Consider the magnetic grid. At the microscopic level, it’s easy to write an equation linking two neighboring arrows. But taking that simple formula and extrapolating it to trillions of particles is effectively impossible. You’re thinking at the wrong scale.
Wilson’s renormalization group describes a transformation from a theory of building blocks into a theory of structures. You start with a theory of small pieces, say the atoms in a billiard ball. Turn Wilson’s mathematical crank, and you get a related theory describing groups of those pieces — perhaps billiard ball molecules. As you keep cranking, you zoom out to increasingly larger groupings — clusters of billiard ball molecules, sectors of billiard balls, and so on. Eventually you’ll be able to calculate something interesting, such as the path of a whole billiard ball.
Quanta Magazine. When doing particle physics the renormalization finds the stable scale.
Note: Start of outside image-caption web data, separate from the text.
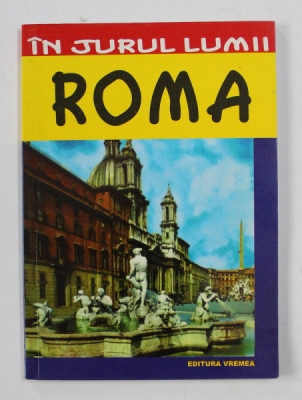 ROMA - GHID TURISTIC de LUIGI ARMIONI , COLECTIA &amp;#039; IN JURUL LUMII &amp;#039; , 2000 foto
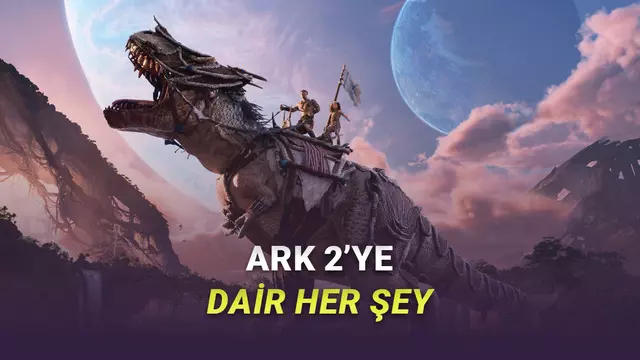 En Çok Beklenen Hayatta Kalma Oyunlarından ARK 2'nin Fiyatı, Çıkış Tarihi ve Sistem Gereksinimleri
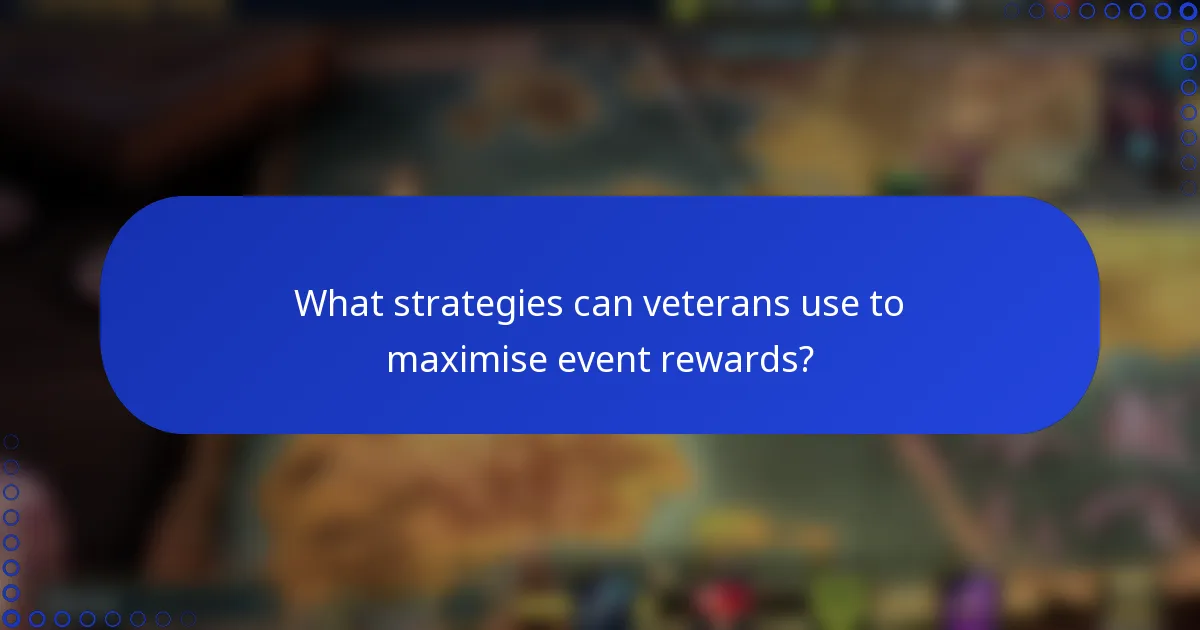 What strategies can veterans use to maximise event rewards?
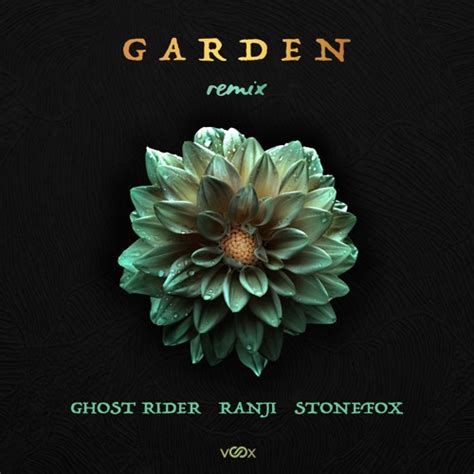 Stream Ghost Rider x Ranji ft. Stonefox - Garden - Out Now by Ghost ...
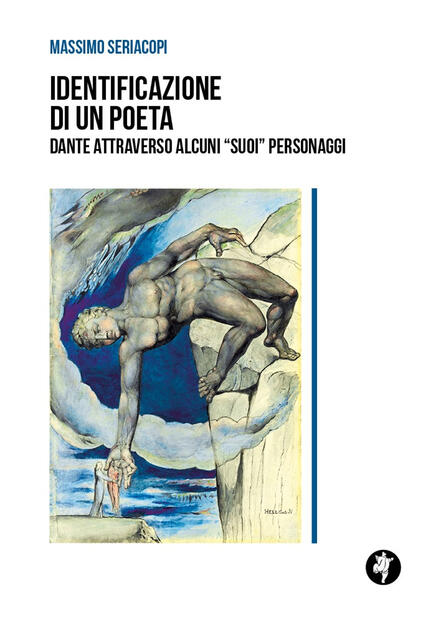 Identificazione di un poeta. Dante attraverso alcuni «suoi» personaggi - Massimo Seriacopi - Libro - Pietre Vive - | IBS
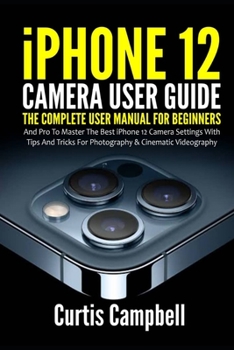 Paperback iPhone 12 Camera User Guide: The Complete User Manual for Beginners and Pro to Master the Best iPhone 12 Camera Settings with Tips and Tricks for P Book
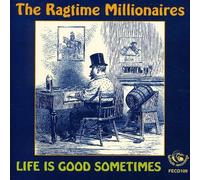 The Ragtime Millionaires - Life is Good Sometimes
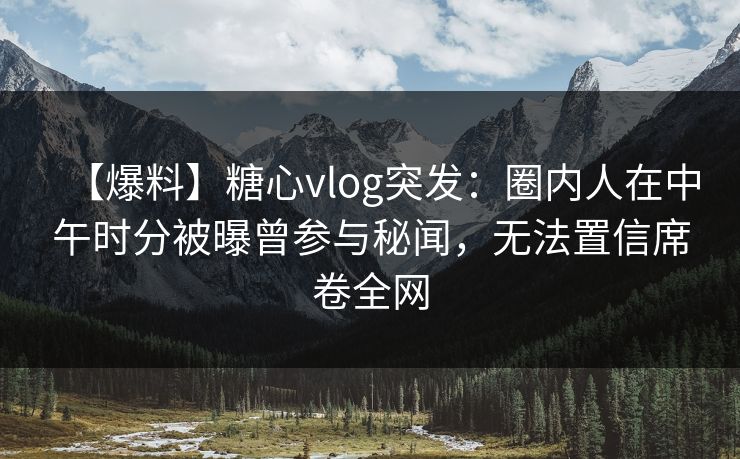【爆料】糖心vlog突发：圈内人在中午时分被曝曾参与秘闻，无法置信席卷全网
It sounds a whole lot like picking the proper node on the Markov 3-tuple tree.
In economics this is like finding the economies of scale, the depth of the value chain that can be supported by market size, a scale problem. Useful in studying water flow, avalanches and the immune system. Botonists use it to scale trees and bushes. I look on the web now and there are a whole set of useful tricks with hidden Markov. It forms the center of the sandbox financial system, plays a key role in AI.
Best of all, the Markov solutions do it without the fake time and space variables. It is all based on Planck's 'actions'.